According to Norman Holland, a story deals with the author, the author's relationship to his work or what he creates. In Holland's opinion texts contain autobiographical elements, or are totally autobiographical. In the case of The Chrysanthemums this is not true, although there are at least some biographical elements in the story. Elisa Allen, the main character, has been suggested to be Steinbeck's second wife Carol, because of the description of her outward appearance (bulky figure, strong, energetic, ...). Additionally, the Steinbecks, like the Allens in the story, had no children at the time the story was written. Owing to the fact that these elements are not significant to the story itself, they are neglected in our interpretation. However, the short story The Chrysanthemums does not tie the reader down to a certain interpretation. A psychoanalytical approach appears as practicable as a feminist or a phenomenological one. The central theme in the story is Elisa's frustration. She is the main character, the reader's attention is focused on her throughout the story. In our analysis the reasons for her development as well as the source of her frustration, the different symbolisms and metaphors will be discussed from several perspectives. In the phenomenological approach we can see to what extent the reader influences the text - an explanation for the feminist and psychological approaches following on. In the feminist approach we will mostly focus on Elisa's character as her behaviour gives indications of her frustration: Elisa is forced to play a role, which is determined by her gender. This role strongly influences her sense of identity and her behaviour; moreover, it gives rise to her conflict and frustration. The psychoanalytic approach also concentrates on Elisa, for she is the main character and the other characters are closely connected with her. And it is the three of them that form the reader's psychological background.

2. Approaches

Steinbeck's short story The Chrysanthemums evoked our curiosity and left us, the readers, with a lot of open questions. This story offers scope for different types of interpretation, therefore we considered it appropriate to analyse the story according to not just one, but several different approaches of literary criticism. We decided to interpret this short story the three of us together, but from different perspectives in order to find various possible and plausible meanings of the text.
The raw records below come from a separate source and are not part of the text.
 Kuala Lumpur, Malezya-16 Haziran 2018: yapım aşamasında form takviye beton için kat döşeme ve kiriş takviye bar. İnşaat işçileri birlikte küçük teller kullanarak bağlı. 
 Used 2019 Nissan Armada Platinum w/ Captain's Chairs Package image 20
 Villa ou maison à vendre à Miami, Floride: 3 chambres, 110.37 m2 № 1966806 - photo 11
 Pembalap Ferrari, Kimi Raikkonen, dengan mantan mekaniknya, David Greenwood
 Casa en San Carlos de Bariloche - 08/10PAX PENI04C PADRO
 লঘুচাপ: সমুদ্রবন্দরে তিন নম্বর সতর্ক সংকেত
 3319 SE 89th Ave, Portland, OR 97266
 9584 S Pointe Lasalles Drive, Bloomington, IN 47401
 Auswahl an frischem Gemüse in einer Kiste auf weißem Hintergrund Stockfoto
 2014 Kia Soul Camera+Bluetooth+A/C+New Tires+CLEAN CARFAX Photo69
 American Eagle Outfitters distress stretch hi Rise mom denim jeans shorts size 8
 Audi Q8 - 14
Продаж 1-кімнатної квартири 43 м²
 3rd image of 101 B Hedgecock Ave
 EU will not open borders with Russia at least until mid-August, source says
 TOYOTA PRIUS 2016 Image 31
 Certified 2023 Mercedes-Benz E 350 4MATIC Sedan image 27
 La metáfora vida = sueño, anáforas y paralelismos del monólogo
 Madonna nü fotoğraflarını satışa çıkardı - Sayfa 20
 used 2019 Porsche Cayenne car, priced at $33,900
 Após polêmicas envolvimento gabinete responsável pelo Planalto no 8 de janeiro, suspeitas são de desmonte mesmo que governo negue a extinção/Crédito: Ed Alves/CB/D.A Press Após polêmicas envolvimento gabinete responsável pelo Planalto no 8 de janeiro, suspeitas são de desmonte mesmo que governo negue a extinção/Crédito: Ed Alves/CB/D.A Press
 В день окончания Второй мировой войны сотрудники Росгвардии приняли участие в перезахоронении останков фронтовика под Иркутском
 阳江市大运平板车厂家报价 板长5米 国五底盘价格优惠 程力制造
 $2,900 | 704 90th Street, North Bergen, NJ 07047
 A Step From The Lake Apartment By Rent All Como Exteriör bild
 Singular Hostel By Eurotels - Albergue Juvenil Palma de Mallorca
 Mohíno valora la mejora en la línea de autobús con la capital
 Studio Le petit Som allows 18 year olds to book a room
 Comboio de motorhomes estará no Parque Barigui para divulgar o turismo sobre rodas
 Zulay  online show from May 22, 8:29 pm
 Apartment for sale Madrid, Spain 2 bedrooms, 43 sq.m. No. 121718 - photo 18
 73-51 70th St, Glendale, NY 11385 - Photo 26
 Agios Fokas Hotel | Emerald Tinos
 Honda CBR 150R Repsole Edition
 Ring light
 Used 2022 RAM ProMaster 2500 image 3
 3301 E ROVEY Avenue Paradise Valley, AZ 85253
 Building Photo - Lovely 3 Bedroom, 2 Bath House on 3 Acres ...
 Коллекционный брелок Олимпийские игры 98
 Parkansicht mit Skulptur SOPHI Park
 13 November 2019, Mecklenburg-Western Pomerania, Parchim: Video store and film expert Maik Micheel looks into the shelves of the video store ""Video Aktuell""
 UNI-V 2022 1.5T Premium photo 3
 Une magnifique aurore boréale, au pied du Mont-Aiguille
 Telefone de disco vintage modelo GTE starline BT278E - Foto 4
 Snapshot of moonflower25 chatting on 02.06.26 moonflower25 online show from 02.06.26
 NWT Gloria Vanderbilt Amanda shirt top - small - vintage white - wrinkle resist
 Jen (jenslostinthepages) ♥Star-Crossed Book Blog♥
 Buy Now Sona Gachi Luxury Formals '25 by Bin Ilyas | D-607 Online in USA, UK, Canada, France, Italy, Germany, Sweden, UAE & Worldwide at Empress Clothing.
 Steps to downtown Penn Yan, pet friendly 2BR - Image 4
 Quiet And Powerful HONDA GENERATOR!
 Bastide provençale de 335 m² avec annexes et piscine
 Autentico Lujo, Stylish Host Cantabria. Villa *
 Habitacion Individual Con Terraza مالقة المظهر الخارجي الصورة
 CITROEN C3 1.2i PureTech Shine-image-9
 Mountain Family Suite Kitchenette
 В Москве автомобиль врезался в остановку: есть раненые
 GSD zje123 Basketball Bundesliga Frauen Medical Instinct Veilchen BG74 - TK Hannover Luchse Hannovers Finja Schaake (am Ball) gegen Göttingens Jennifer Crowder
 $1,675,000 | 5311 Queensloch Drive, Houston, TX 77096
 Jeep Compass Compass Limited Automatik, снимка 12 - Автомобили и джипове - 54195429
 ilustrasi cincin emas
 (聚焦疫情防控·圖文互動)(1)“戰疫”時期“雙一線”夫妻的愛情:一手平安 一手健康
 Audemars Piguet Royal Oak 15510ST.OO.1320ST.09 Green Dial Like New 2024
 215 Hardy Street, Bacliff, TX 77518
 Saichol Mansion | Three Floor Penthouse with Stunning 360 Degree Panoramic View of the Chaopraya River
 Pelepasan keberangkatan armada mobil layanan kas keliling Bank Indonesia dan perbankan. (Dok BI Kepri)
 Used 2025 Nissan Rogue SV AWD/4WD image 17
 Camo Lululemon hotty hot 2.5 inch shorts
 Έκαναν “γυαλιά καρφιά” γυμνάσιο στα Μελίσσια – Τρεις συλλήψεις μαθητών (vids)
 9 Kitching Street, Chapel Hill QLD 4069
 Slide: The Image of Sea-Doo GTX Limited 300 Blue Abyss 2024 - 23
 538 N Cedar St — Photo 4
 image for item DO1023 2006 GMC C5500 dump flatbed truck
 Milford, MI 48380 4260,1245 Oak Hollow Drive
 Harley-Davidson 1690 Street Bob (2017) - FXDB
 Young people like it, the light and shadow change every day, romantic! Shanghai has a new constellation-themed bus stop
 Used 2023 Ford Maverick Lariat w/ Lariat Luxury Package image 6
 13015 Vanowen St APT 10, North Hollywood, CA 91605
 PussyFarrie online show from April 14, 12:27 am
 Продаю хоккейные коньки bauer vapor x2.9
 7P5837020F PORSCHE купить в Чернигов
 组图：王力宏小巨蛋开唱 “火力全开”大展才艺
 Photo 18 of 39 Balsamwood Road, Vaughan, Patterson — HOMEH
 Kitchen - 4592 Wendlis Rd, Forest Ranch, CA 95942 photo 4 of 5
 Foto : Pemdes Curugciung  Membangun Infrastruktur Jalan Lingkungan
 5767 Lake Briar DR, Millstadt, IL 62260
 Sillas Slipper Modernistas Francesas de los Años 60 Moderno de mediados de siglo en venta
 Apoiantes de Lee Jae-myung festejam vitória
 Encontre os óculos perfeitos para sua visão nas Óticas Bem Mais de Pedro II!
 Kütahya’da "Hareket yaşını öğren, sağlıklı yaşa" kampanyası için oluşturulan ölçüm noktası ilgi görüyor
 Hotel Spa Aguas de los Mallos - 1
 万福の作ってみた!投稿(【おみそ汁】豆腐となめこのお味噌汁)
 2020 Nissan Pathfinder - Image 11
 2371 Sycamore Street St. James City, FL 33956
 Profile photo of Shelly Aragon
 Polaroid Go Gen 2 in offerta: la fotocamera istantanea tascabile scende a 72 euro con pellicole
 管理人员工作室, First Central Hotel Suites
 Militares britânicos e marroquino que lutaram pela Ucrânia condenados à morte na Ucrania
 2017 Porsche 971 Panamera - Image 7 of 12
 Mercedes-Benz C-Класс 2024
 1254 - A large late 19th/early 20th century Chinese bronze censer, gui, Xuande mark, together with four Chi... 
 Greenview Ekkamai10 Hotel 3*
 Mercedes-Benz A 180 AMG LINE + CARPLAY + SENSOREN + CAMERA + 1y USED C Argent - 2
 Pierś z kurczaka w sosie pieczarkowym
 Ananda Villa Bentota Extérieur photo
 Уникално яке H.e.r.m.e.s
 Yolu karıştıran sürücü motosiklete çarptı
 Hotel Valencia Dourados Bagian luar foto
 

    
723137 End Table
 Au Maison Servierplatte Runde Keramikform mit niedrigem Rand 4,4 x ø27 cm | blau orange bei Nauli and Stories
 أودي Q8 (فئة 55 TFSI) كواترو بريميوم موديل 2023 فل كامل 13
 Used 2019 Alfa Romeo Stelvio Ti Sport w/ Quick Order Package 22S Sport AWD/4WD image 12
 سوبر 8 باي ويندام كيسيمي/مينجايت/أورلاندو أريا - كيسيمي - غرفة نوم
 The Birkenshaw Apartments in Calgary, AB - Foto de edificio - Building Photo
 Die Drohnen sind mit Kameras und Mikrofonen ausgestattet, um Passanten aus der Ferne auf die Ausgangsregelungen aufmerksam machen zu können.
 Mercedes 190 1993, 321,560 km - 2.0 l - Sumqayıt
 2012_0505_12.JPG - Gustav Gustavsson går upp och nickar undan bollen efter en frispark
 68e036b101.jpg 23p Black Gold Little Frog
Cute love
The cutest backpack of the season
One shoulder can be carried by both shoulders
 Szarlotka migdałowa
Additional interest was raised by a letter from the author to George Albee, in which he wrote:

I shall be interested to know what you think of the story, The Chrysanthemums. It is entirely different and is designed to strike without the reader's knowledge. I mean he reads it casually and after it is finished feels that something profound has happened to him although he does not know what nor how. It has had that effect on several people here. (Hughes 1987: 59 or Hughes 1989: 21)

In fact, the story had the same effect on us and we wondered why and how this could happen. The story of a young farmer's wife, who is led to deep sadness and resignation only because a stranger throws away some flowers she has given him, seems worth examining carefully. We wanted to understand why the characters act as they do and to find the reasons for our own reactions after having read the text. Obviously, reading 'casually' would not be sufficient to come to any helpful conclusions, some interpretative work had to start.

According to Wolfgang Iser, the interpreter can only illustrate possible meanings of a literary text (cf. Iser 1978: xi). The reader as interpreter should undertake "not to explain a work, but to reveal the conditions that bring about its various possible effects" (Iser 1978: 18). Moreover, Iser claims that a text can only become a literary work through the reader's activity:

The work is more than the text, for the text only takes on life when it is realized [by the reader]. (Iser 1974: 274)

'Realising' necessarily includes the reader's creativity, for he has to bring in his "imagination in the task of working things out for himself" (Iser 1974: 275). This means that the reader not only reads the story as it is, but is open to bring in his own perceptions where the text demands it. Iser provides us with a constructed reader who is neither an ideal nor an individual reader but "embodies all ... predispositions necessary for a literary work to exercise its effect": the "implied reader" (Iser 1978: 34). The implied reader, as a construct, is based on the structure of the text which "offers guidance as to what is to be produced", but is not itself the "product". He undergoes the process of reading as a "dynamic interaction between text and reader" (Iser 1978: 107). Supported by this guidance of the text structure the reader must bring in his personal expectations, look at whether the text meets them or not and later on produce his own interpretations. Hence, we as interpreters are not only consumers of what is literally written in a text, but we have to (re)create what is not explicitly said and is important to understand, to perceive a work's possible message.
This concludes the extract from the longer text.